Если до сих пор мне удавалось предъявить лишь признаки прозы, хотя и в высшей степени убедительные, то по мере движения времени являются уже отдельные куски, обладающие стилевой цельностью, плотью прозы. Письмо возвышается до гротеска.
Гротеск – одна из наиболее строгих форм в прозе, подделка тут же оборачивается пошлостью. Нынче примеров тому предостаточно. Привычка к остроумной манере высказываться по любому поводу порождает разливы пошлости, в которой купаются и чувствуют себя, как в родной стихии, и авторы ернических газетных заголовков, и авторы целых чуть ли не романов, сочинений, пригодных для серии под емким названием «Остроумие».

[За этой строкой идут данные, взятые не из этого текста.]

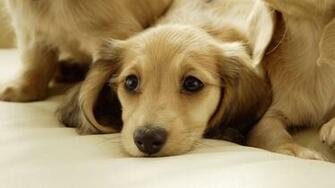 Wallpaper Dachshund Puppies X HDtv 1080p Desktop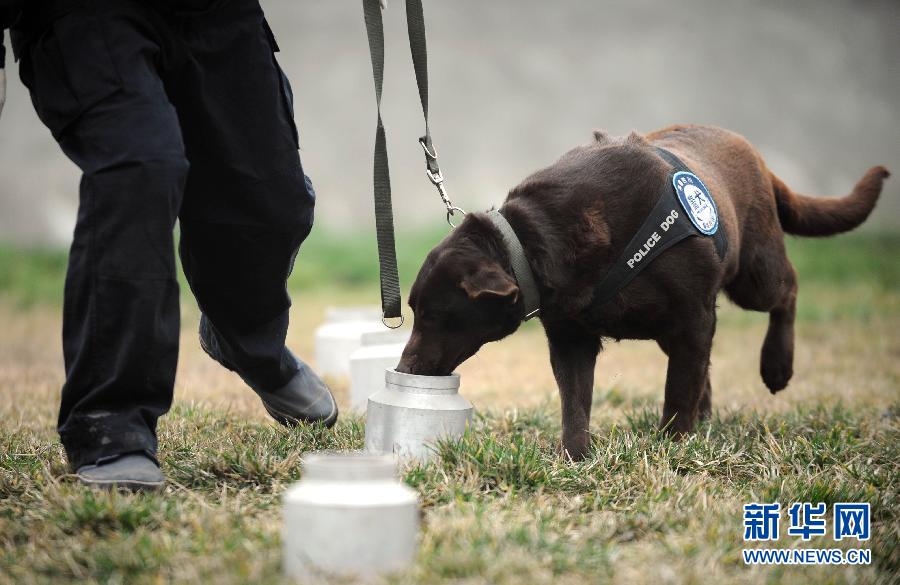 （关注春运）（2）警犬“东东”的春运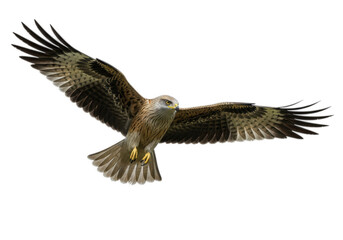 Majestic bird of prey soaring with wings spread wide in flight isolated on transparent background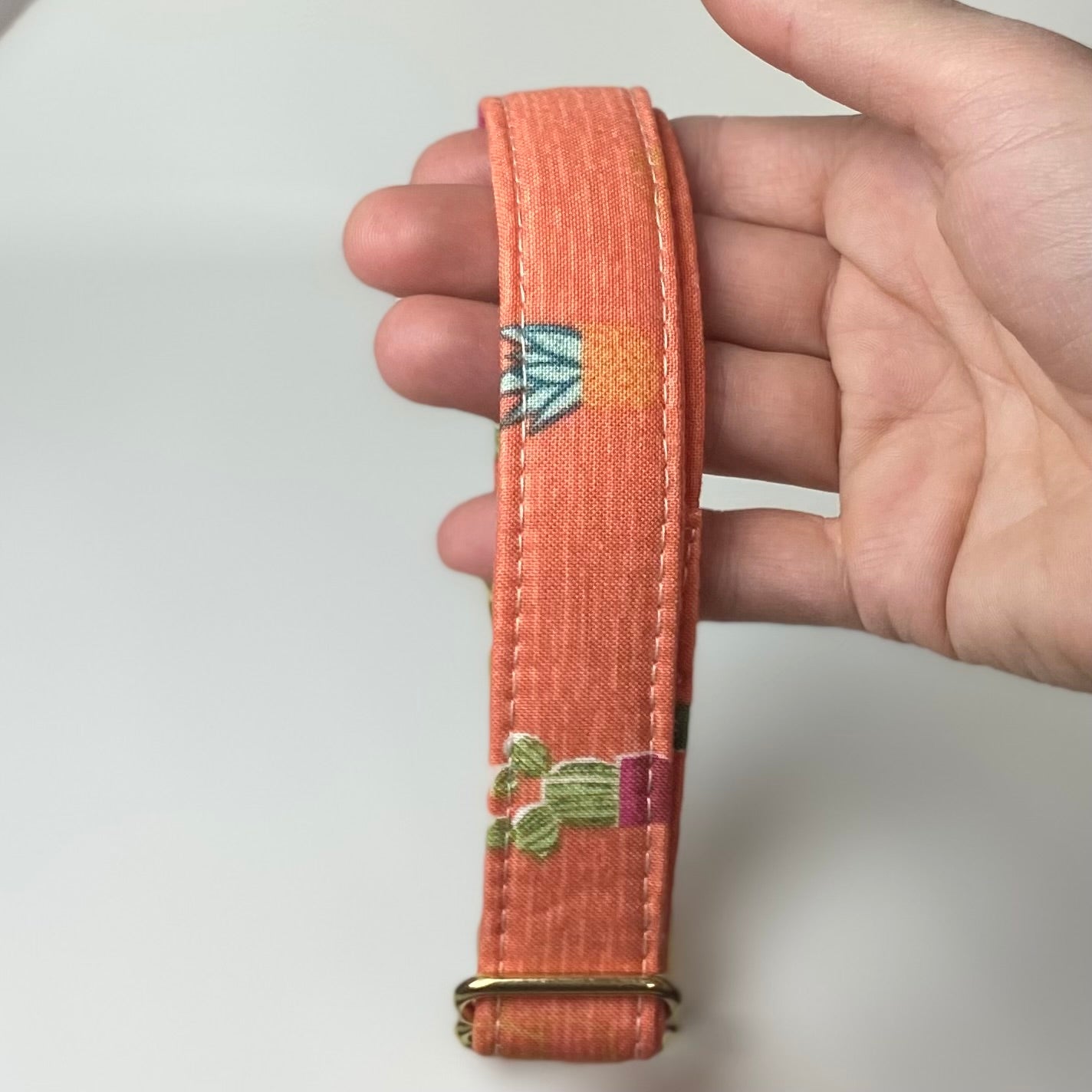 Houseplant peach terra cotta dog collar with houseplants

Вот что в марте 1942 года Город, склонный к гротеску, надиктовал своему хроникеру из батальона МПВО:
«Почил сегодня товарищ Неверов. Был ты настоящий русский мужик. Огромный, здоровый, красивый, а главное, честный и справедливый. Безотказно работал ты на оборону города, копал и носил землю под лучами палящего солнца. Начались тревожные дни, не робел, безотказно работал ты в очагах поражения.
Безропотно переносил голод, нужду и семейное горе. Еще недавно ходил хоронить Ленинградцев на Серафимовское. Но всему бывает конец. Упорный голод сломил тебя. Обессилел, запаршивел, оброс волосами, завшивел. В тяжесть стал для команды. Начальники стали величать дармоедом. Вчера решили отписать совсем от части. Сегодня сняли с довольствия, и к вечеру ты скончался. Осталась большая семья, она тоже последует за тобой. Очень много товарищей из нашей команды так погибло и много на очереди».

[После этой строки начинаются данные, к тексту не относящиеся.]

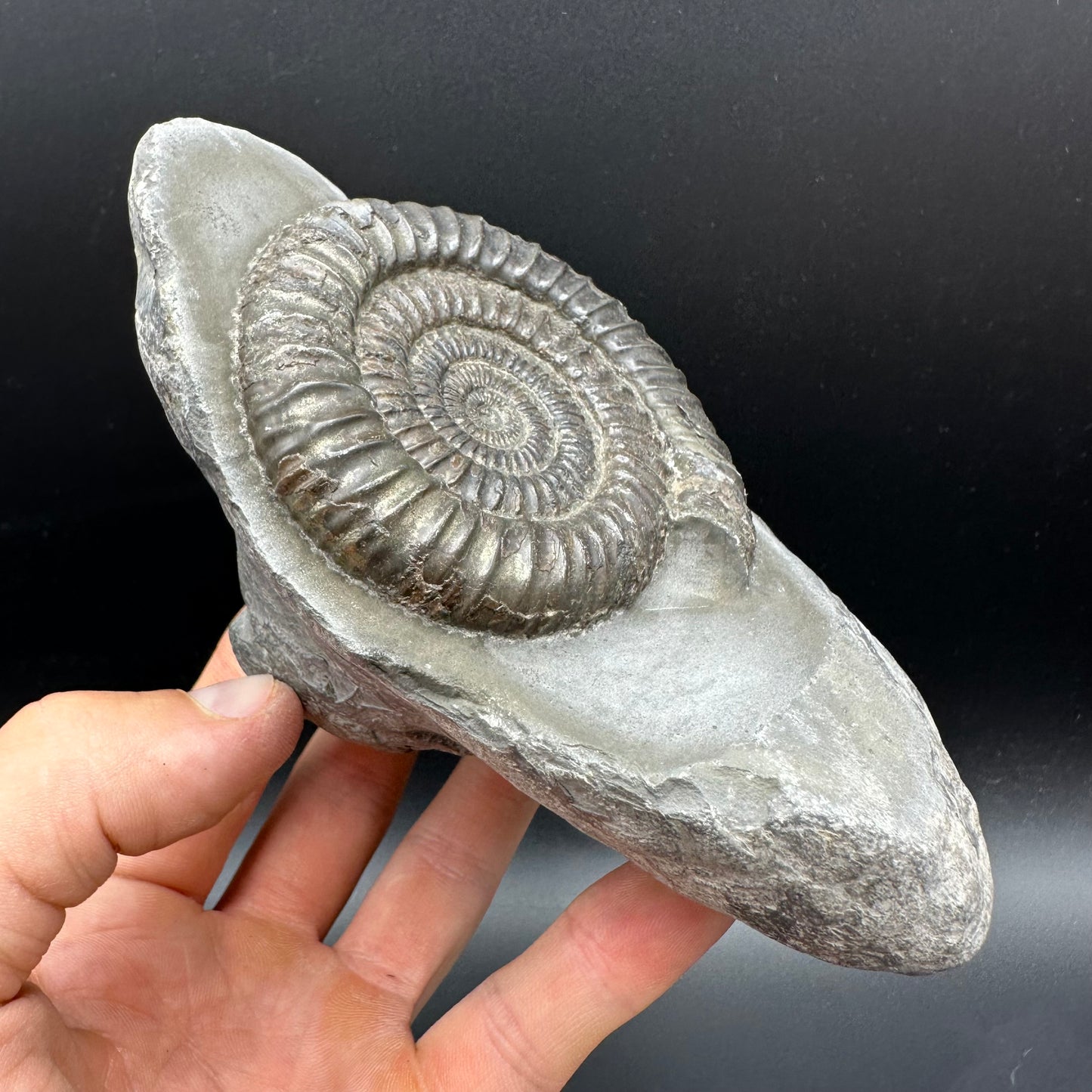 Dactylioceras Ammonite Fossil With Stand - Whitby, North Yorkshire Jurassic Coast Yorkshire Fossils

Это же Луначарский со скрижалей на Марсовом поле!
Белинский когда-то похвалил Державина за то, что тот украсил торжественную оду, произведение как бы государственного ранга, подробностями своей биографии.
Елизавета Турнас, внеся в государственный жанр некролога, торжественной эпитафии, реальную биографию, возвысила этот жанр и с горькой усмешкой низвергла.
Первая половина дневника не предполагает обращения к кому бы то ни было, но автор, чувствуя, что обретает голос, обращается к способным слышать.
И вот на наших глазах из капель дождя рождается Реквием по живым.
«Моему настроению импонирует погода, тяжелая, сырая».
Как рядом с «отсюдова» уживается «импонирует»? Спросите Город.
«Капли дождя стекают по стеклу, ручейками, как неутешимые слезы. Это плачут жители нашего славного города, это слезы миллионов страдающих, обреченных на бесславное вымирание.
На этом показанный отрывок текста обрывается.